* **WHAT TO DO**
Using the entries that follow, transcribe only the lines from the line with "That woman in" to the line with "Universal ___ solar", both included, exactly as they stand and without pictures.
ENTRIES SUPPLIED START
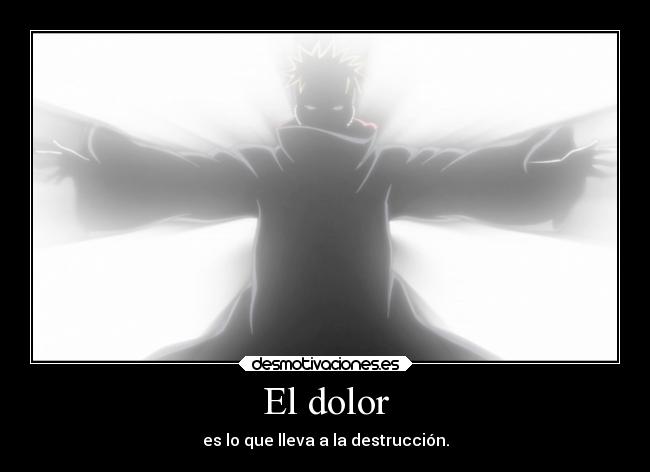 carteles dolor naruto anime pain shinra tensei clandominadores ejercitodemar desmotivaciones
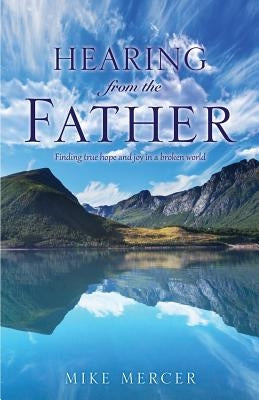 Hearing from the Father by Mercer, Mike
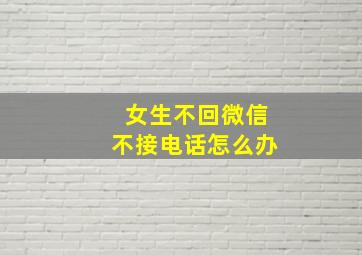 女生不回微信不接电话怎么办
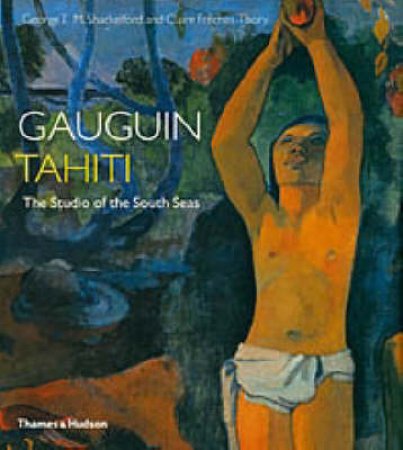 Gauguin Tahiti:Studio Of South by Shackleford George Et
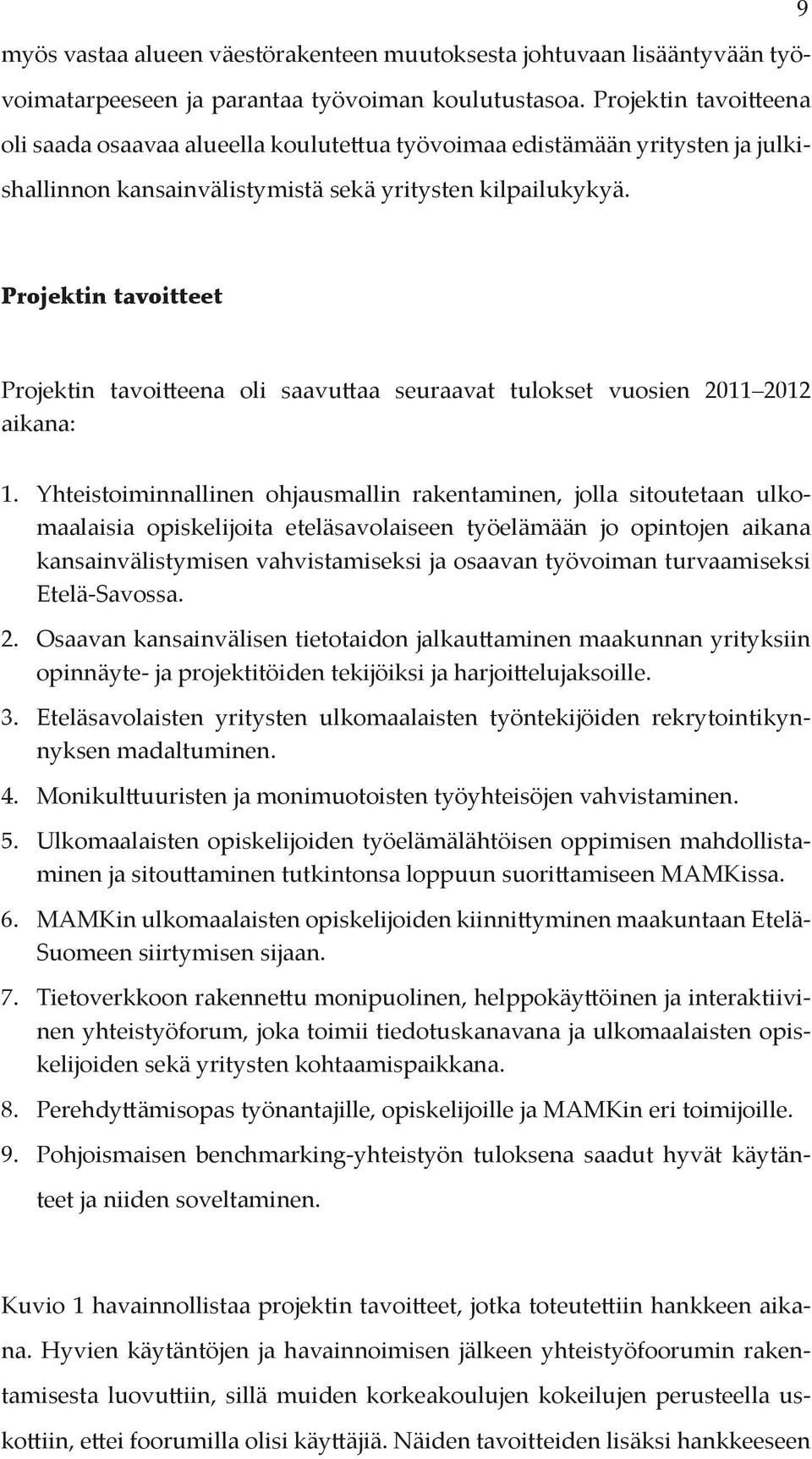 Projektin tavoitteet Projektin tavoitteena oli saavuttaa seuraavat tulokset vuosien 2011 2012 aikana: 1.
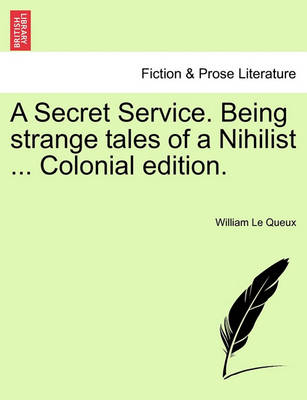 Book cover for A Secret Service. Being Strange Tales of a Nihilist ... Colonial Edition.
ENTRIES SUPPLIED END
ENTRIES SUPPLIED START
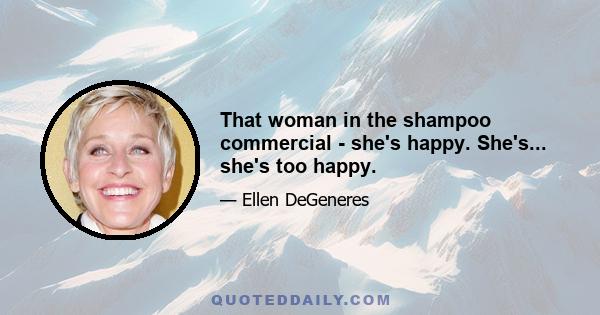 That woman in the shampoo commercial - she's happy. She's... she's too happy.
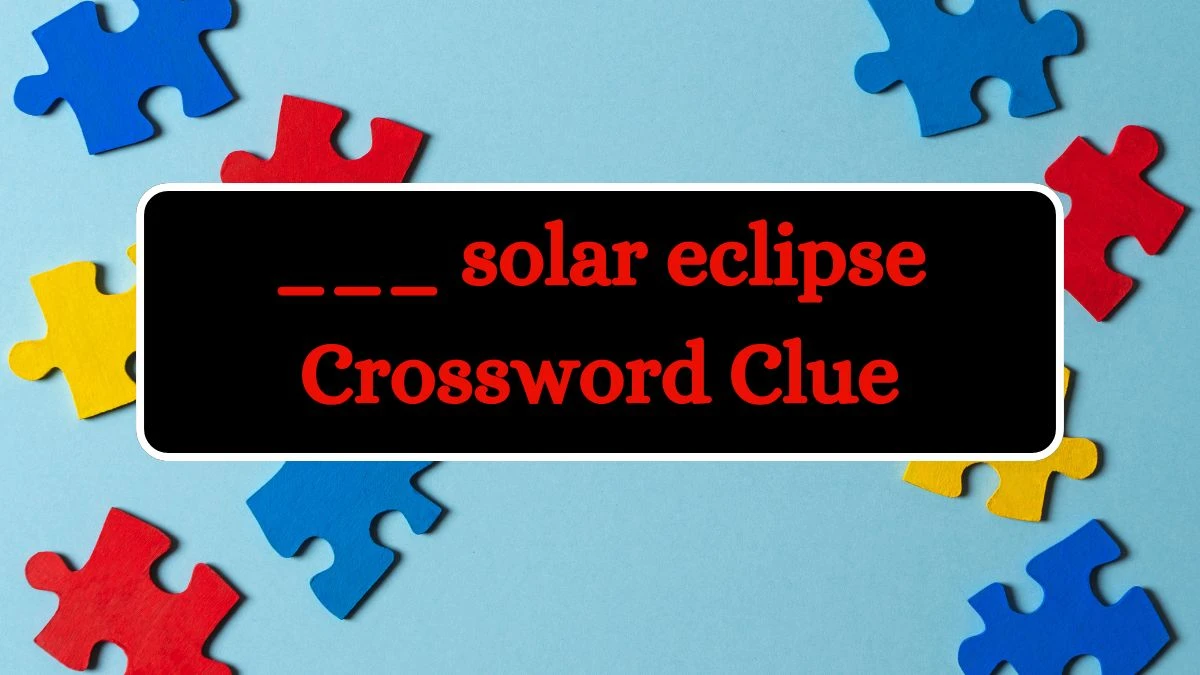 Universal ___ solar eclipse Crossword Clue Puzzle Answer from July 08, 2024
ENTRIES SUPPLIED END
* **RESULT OF THE EXERCISE**
 That woman in the shampoo commercial - she's happy. She's... she's too happy.
 Universal ___ solar eclipse Crossword Clue Puzzle Answer from July 08, 2024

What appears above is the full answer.